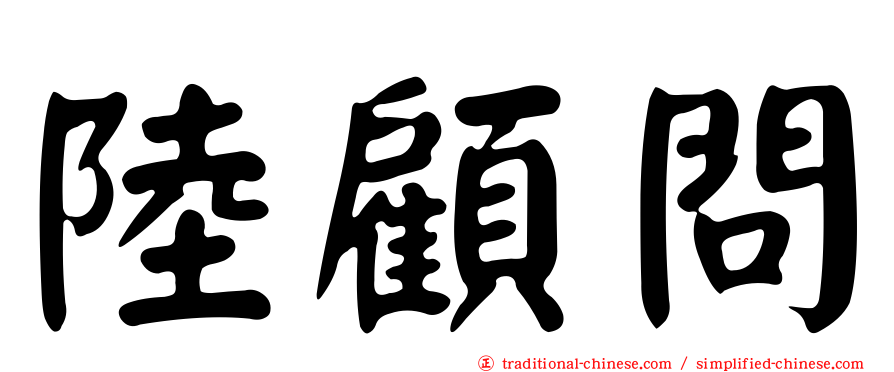陸顧問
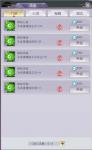 我欲修真功法介绍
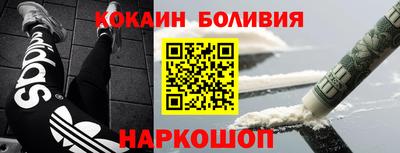 кокаин премиум Канаш
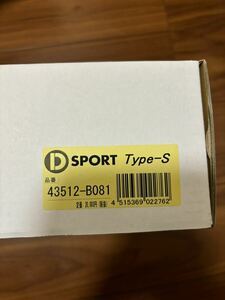D-SPORT スポーツブレーキローター ＴＹＰＥ-Ｓ コペン　l880k la400k la400a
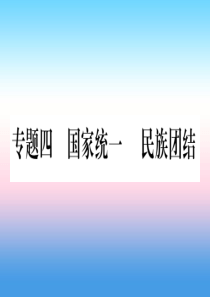 （甘肃专用）2019中考历史总复习 第二篇 知能综合提升 专题四 国家统一 民族团结课件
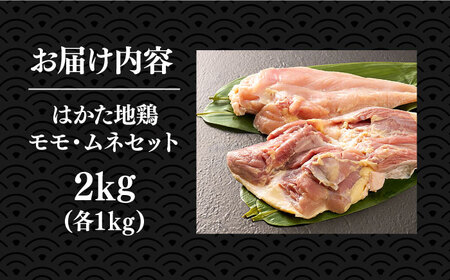 はかた地鶏モモムネセット 2kg（1kg×2p）鶏 鶏肉 もも 胸 [ABBP020]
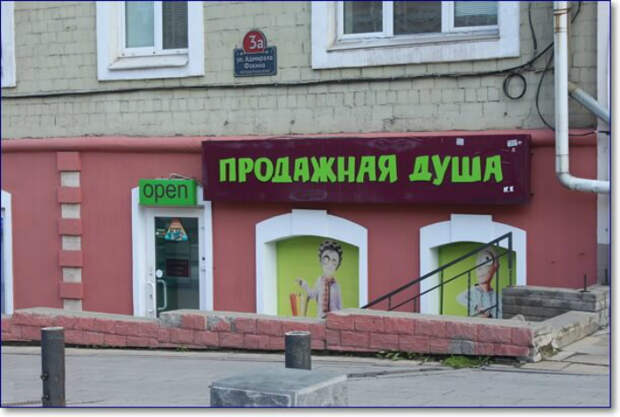 Никто не без греха. | Фото: XOXO.RU. Никто не без греха. | Фото: XOXO.RU.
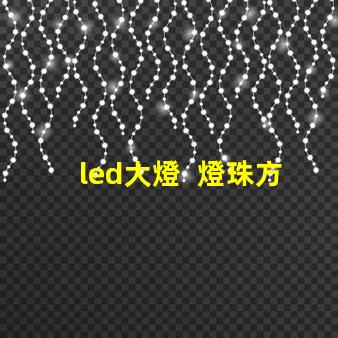 led大燈  燈珠方向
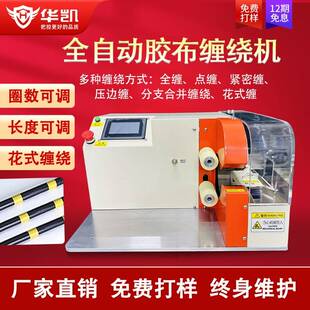 全自动线束胶布缠绕机点缠全缠胶带缠绕机PVC醋酸布基胶布缠绕机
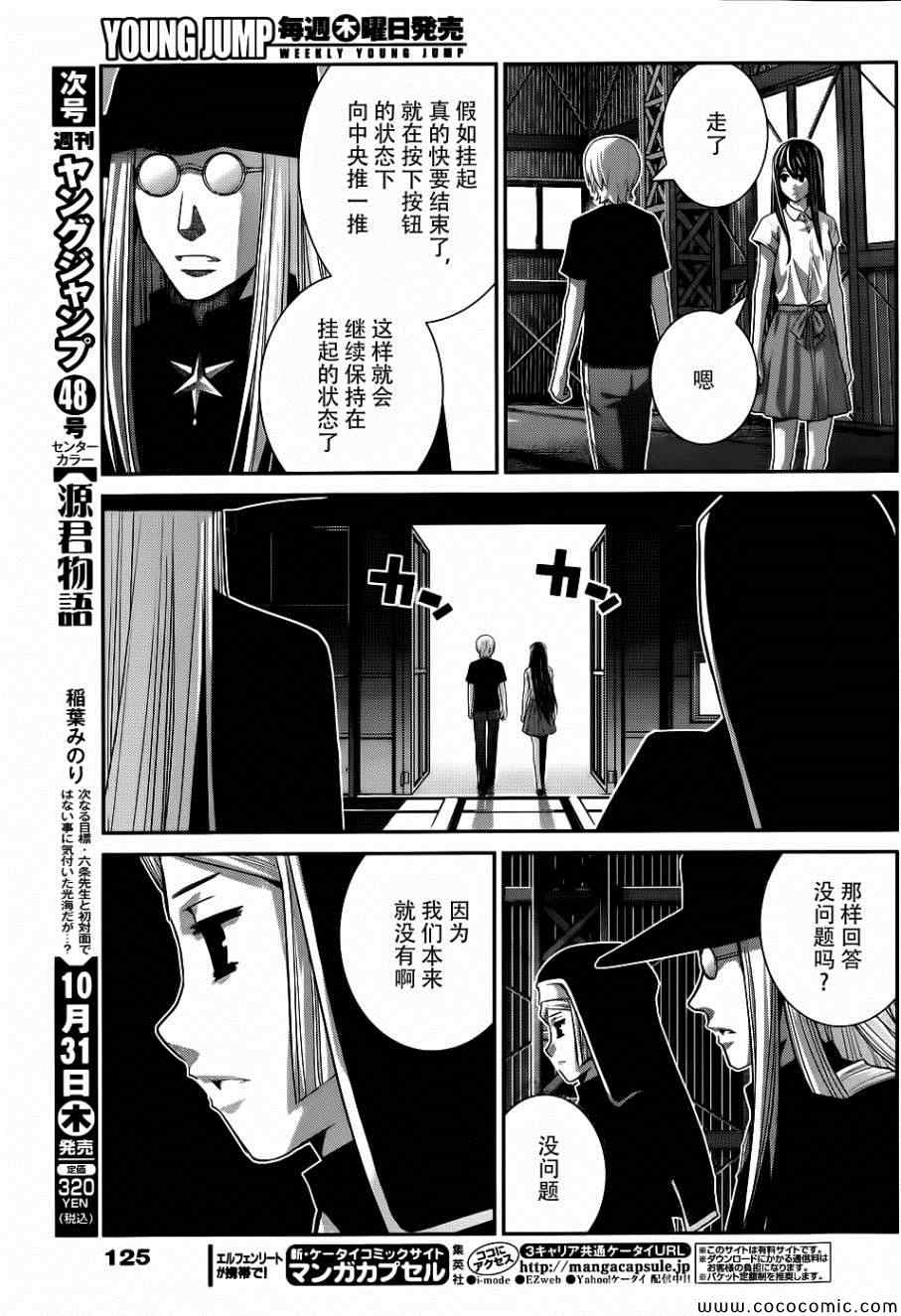 《极黑的布伦希尔特》漫画 078集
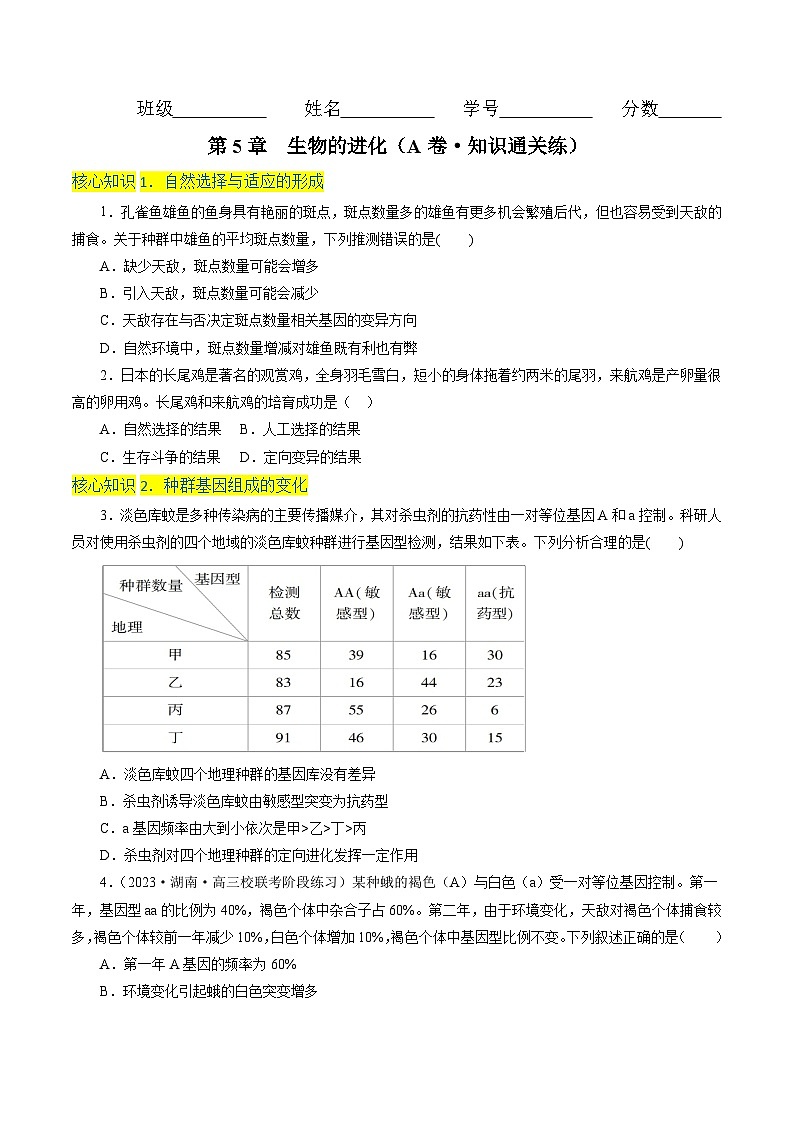 高一生物分层训练AB卷(人教版2019必修2)第6章 生物的进化(A卷·知识通关练)01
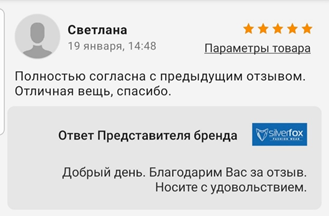 Благодарность клиентам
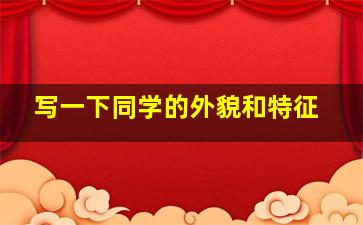 写一下同学的外貌和特征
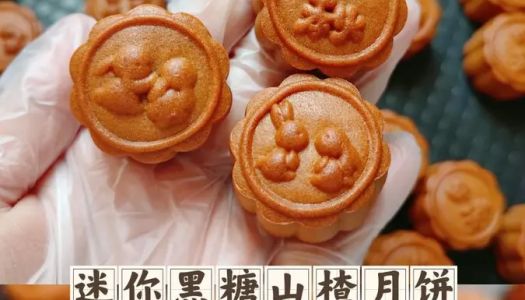 The mini brown sugar hawthorn small moon cake ㊙️ pattern is clear and three-dimensional, and does not overturn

**WHAT TO DO**. The lines wanted are those from the start of the material above through the line with "高一生物分层训练AB卷(人教", both included; print them exactly and skip any picture.

**RESPONSE AREA**.
陸顧問
 我欲修真功法介绍
 кокаин премиум Канаш
D-SPORT スポーツブレーキローター ＴＹＰＥ-Ｓ コペン　l880k la400k la400a
 （甘肃专用）2019中考历史总复习 第二篇 知能综合提升 专题四 国家统一 民族团结课件
 はかた地鶏モモムネセット 2kg（1kg×2p）鶏 鶏肉 もも 胸 [ABBP020]
 Никто не без греха. | Фото: XOXO.RU. Никто не без греха. | Фото: XOXO.RU.
 led大燈  燈珠方向
 全自动线束胶布缠绕机点缠全缠胶带缠绕机PVC醋酸布基胶布缠绕机
 《极黑的布伦希尔特》漫画 078集
 高一生物分层训练AB卷(人教版2019必修2)第6章 生物的进化(A卷·知识通关练)01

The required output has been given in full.